Data for analysis:
-- Opening Marker --
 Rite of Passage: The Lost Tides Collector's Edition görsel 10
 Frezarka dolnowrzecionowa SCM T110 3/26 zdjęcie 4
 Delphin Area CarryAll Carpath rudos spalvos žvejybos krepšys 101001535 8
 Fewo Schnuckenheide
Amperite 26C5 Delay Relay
-- Closing Marker --
-- Opening Marker --
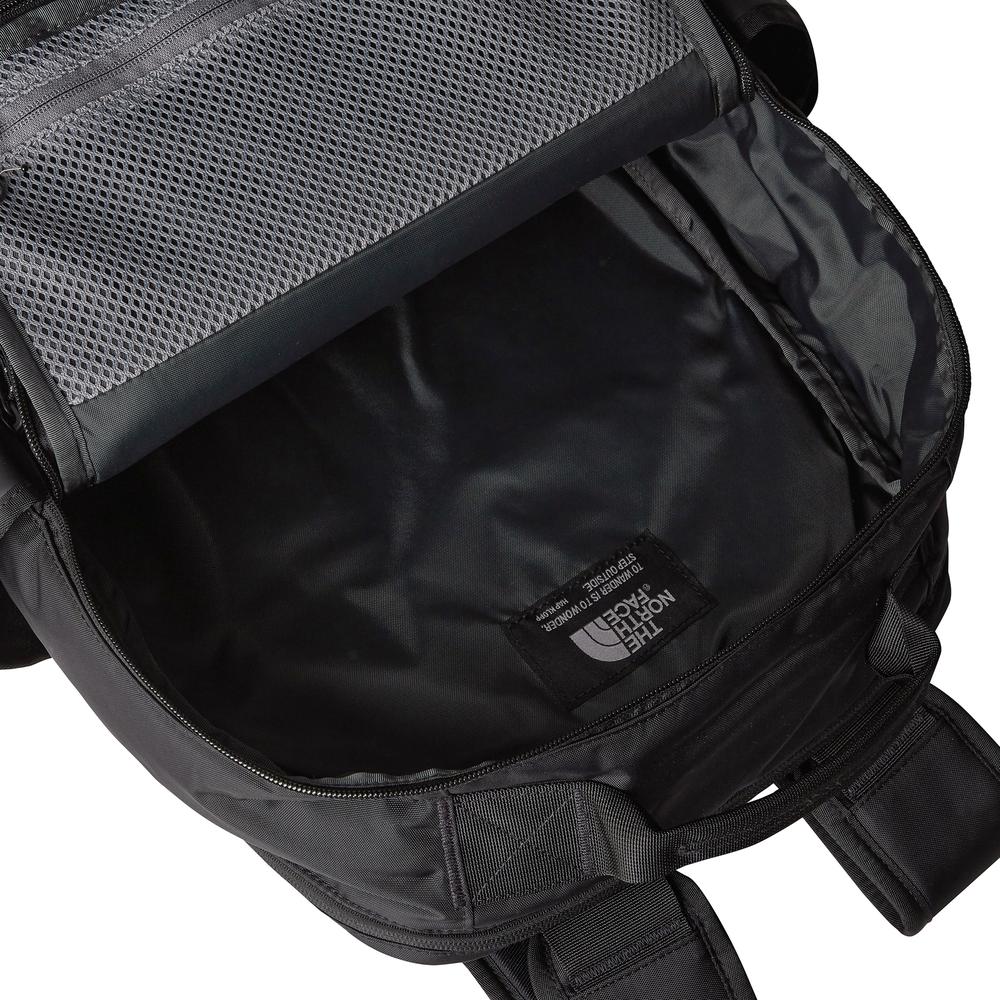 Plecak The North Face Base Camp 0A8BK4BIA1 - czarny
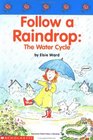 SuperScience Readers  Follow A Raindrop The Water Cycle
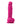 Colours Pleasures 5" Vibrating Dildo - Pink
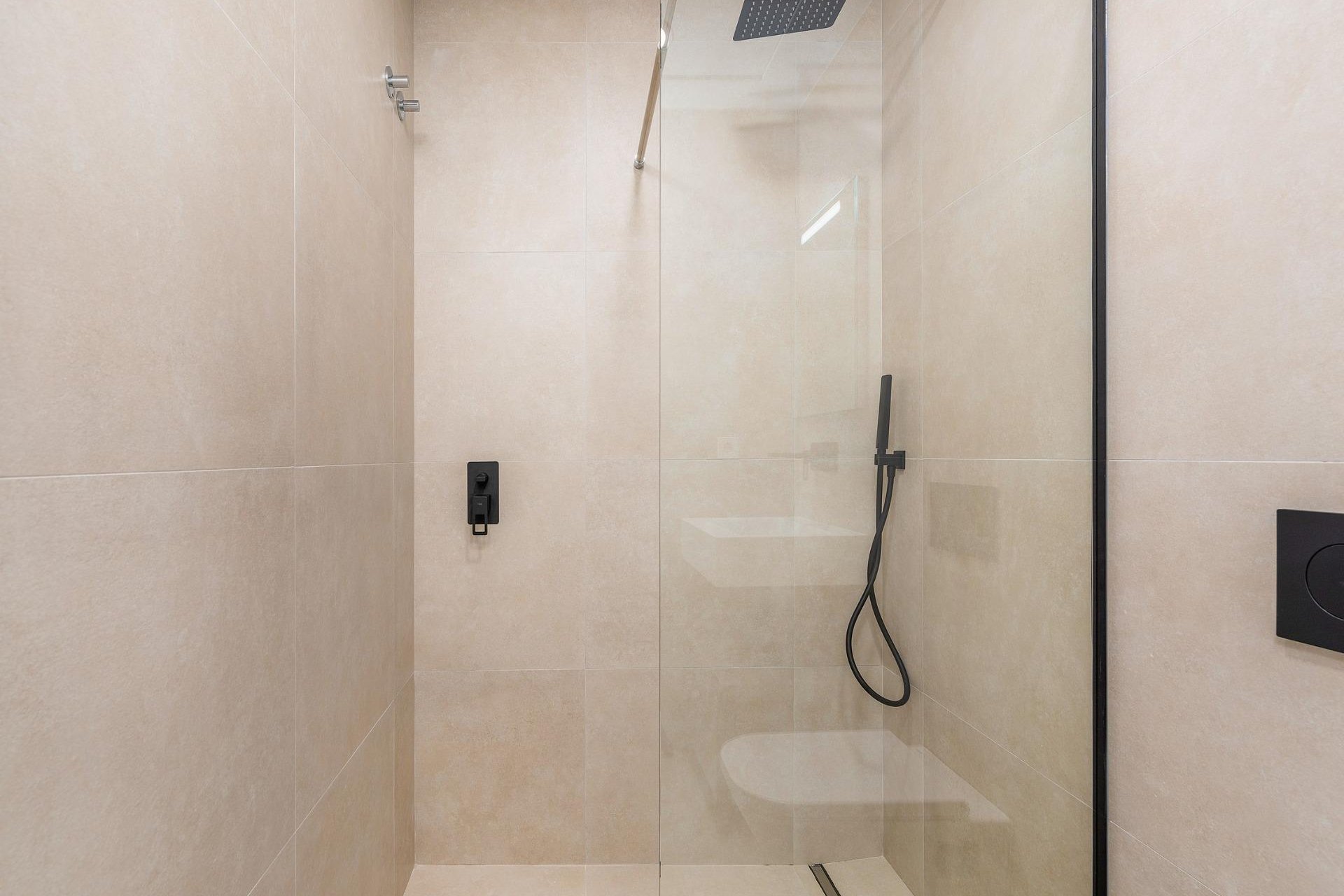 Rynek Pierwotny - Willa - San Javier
-- Closing Marker --
Required action: From the records above, quote word for word only the lines beginning at the line that has "The Water Cycle" and stopping after the line that has "Rynek Pierwotny - Willa - San Javier". Omit the pictures.

Answer for the task:
 SuperScience Readers  Follow A Raindrop The Water Cycle
 Colours Pleasures 5" Vibrating Dildo - Pink
 Rynek Pierwotny - Willa - San Javier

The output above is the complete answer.